Operasi tangkap tangan tersebut menambah daftar panjang pejabat publik yang diduga melakukan penyalahgunaan wewenang, khususnya mereka yang duduk di lembaga-lembaga pengawal demokrasi seperti Dewan Perwakilan Rakyat dan DPD.
Setidaknya ada 119 anggota DPR dan DPRD, beberapa menteri, 15 orang gubernur, dan 50 bupati/wali kota yang berurusan dengan KPK. Irman Gusman adalah pimpinan lembaga tinggi negara kedua yang dicokok KPK, setelah Ketua Mahkamah Konstitusi Akil Mochtar.
Kejadian yang menimpa Irman cukup luar biasa dan menarik atensi publik secara luas karena menyangkut seorang ketua lembaga tinggi negara yang sangat dihormati dan selama ini cukup dikenal dengan komitmennya untuk memberantas korupsi
Tragedi tersebut telah menciderai DPD sebagai salah satu lembaga pengawal demokrasi yang dilahirkan pada 1 Oktober 2004. Selama ini, anggota DPD dinilai bersih dibandingkan dengan kakak kandungnya (DPR) yang anggotanya banyak terjerat kasus korupsi.
Dengan kejadian tersebut, citra DPD pasti tercoreng, meski belum tentu tindakan Irman terkait dengan posisi dan kapasitasnya sebagai Ketua DPD. Akan tetapi, hal itu diduga kuat karena pengaruh yang melekat pada dirinya dan posisinya sebagai pimpinan lembaga tinggi negara.

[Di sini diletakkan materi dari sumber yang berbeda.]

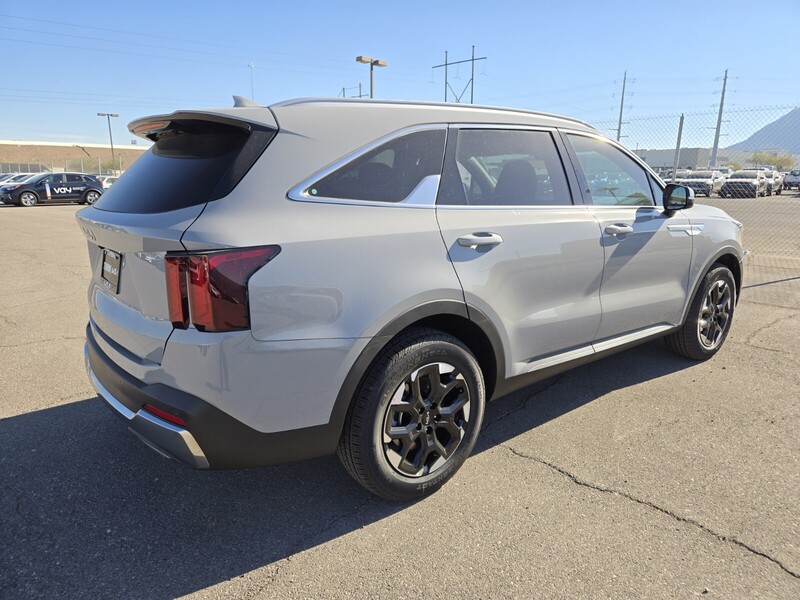 2025 Kia Sorento S photo 3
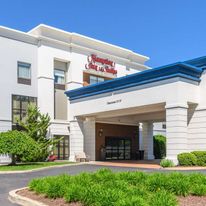 Hampton Inn & Suites Manchester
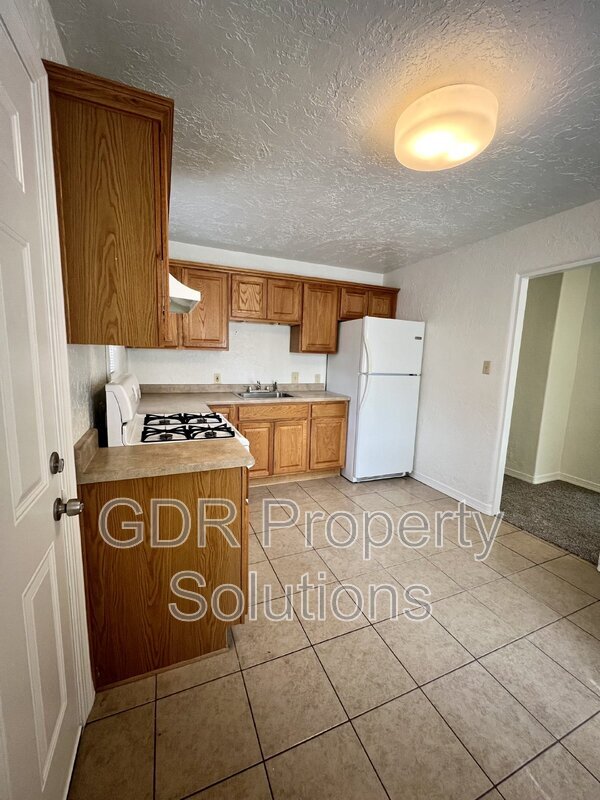 Building Photo - 3529 Ross Ave SE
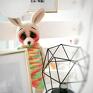 beżowe prezent dla dziecka maskotka króliczek wykonana na szydełku i drutach z niezwykłą oryginalny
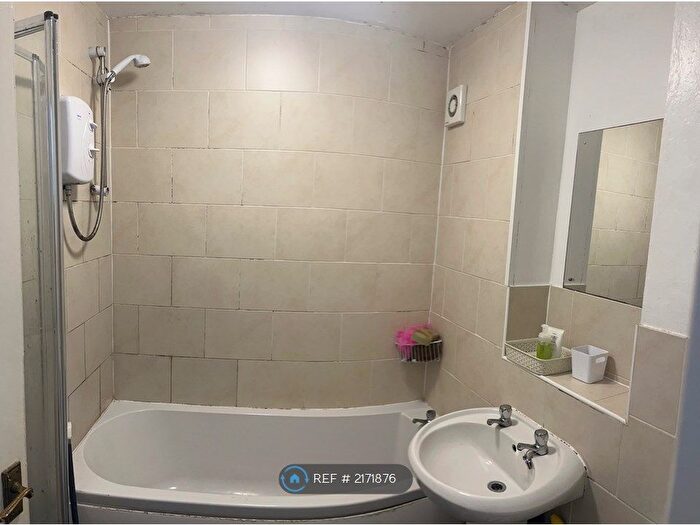 2 Bedroom Flat To Rent In Old Abbey Gardens, Birmingham, B17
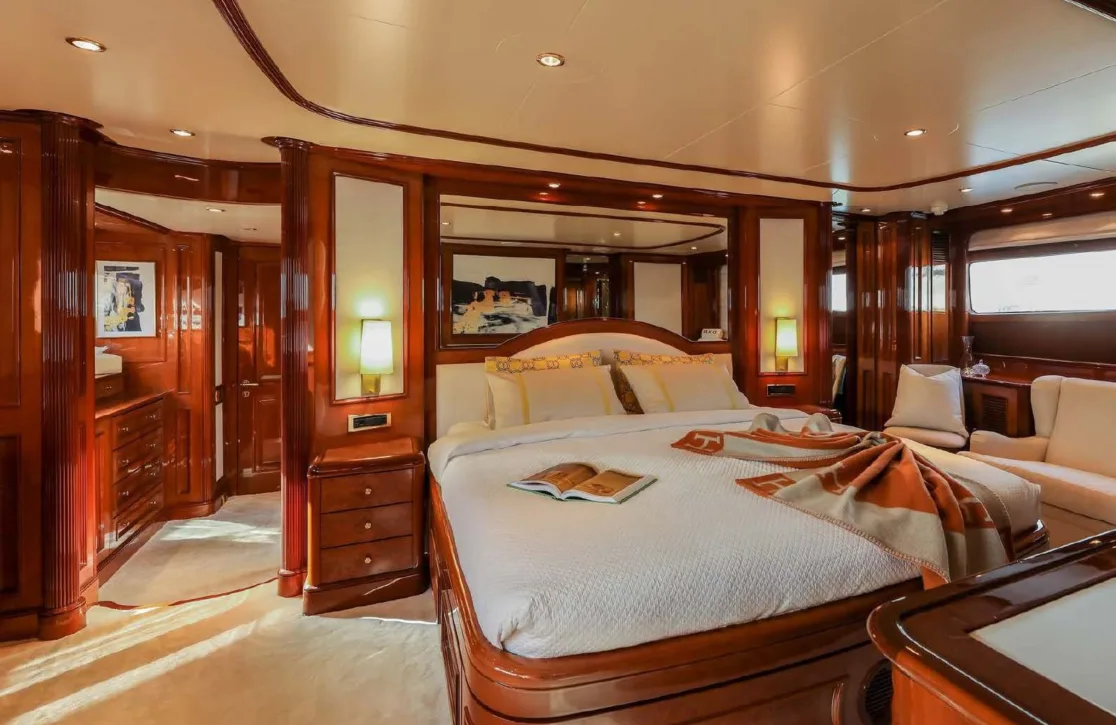 An image of Dxb yacht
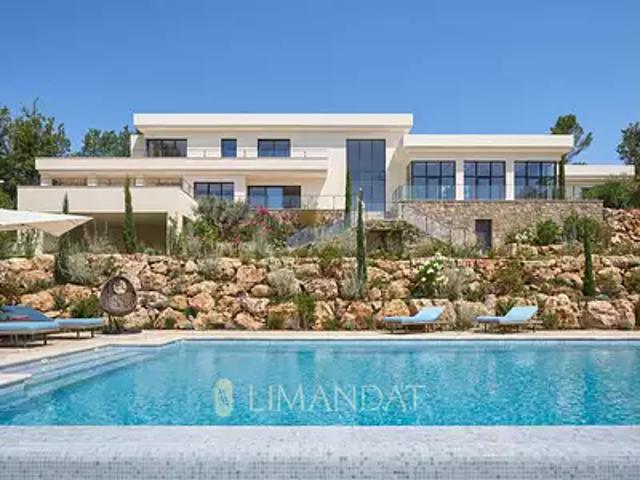 Tourrettes 83440 Location maison piscine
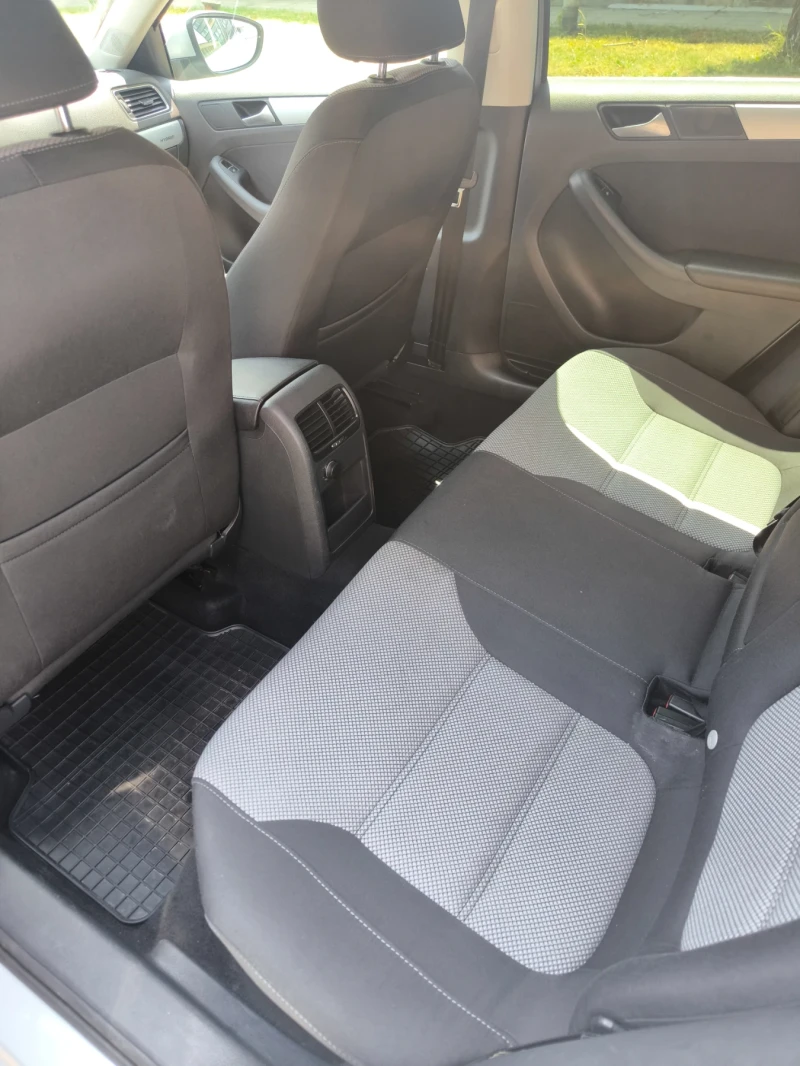 VW Jetta 1.4 i hibrid, снимка 8 - Автомобили и джипове - 52528840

Pada gilirannya, hal ini berakibat pada semakin sulitnya memulihkan kepercayaan publik lantaran sangat banyak pejabat yang dipilih secara langsung oleh rakyat melalui pemilihan umum di tingkat pusat dan daerah terjerat kasus korupsi.
Meski iklim dan institusi demokrasi mulai membaik pasca reformasi 1998, kepercayaan publik pada lembaga-lembaga negara, khususnya yang bertugas mengawal demokrasi, misalnya DPR dan DPD, masih rendah.
Di tengah belum optimalnya fungsi DPR yang diisi oleh perwakilan partai politik, rakyat menaruh harapannya pada DPD dalam menyalurkan aspirasi, harapan, dan keinginannya.
DPD diniatkan sebagai lembaga demokrasi penyambung lidah rakyat sebagai metamorfosis dari utusan daerah yang bisa duduk sejajar dengan DPR.
Selama ini DPD diisi oleh tokoh-tokoh perwakilan daerah dari berbagai latar belakang dan pengalaman, di antaranya politisi dan pengusaha, yang diharapkan mampu merepresentasikan kepentingan provinsinya masing-masing untuk dibawa ke tingkat nasional.
Demokrasi telah memberikan jalan bagi rakyat untuk memilih wakil rakyat dan pemimpinnya secara langsung. Namun demikian, kebebasan dan kemerdekaan tersebut belum sejalan dengan kualitas dan output demokrasi yang seharusnya. Karena ratusan pejabat publik yang terdiri atas wakil rakyat dan pemimpin daerah terjerat kasus korupsi dan penyalahgunaan wewenang.
Kendati telah menjadi media bagi rakyat dalam mengekspresikan hak-haknya, baik hak sipil dan politik maupun hak ekonomi, sosial, dan budaya, demokrasi kita masih sebatas pada tataran prosedural, yaitu hanya mengubah tata cara dan mekanisme memilih pemimpin. Namun, perilaku dan kesadaran rakyat serta elite politik tetap belum berubah.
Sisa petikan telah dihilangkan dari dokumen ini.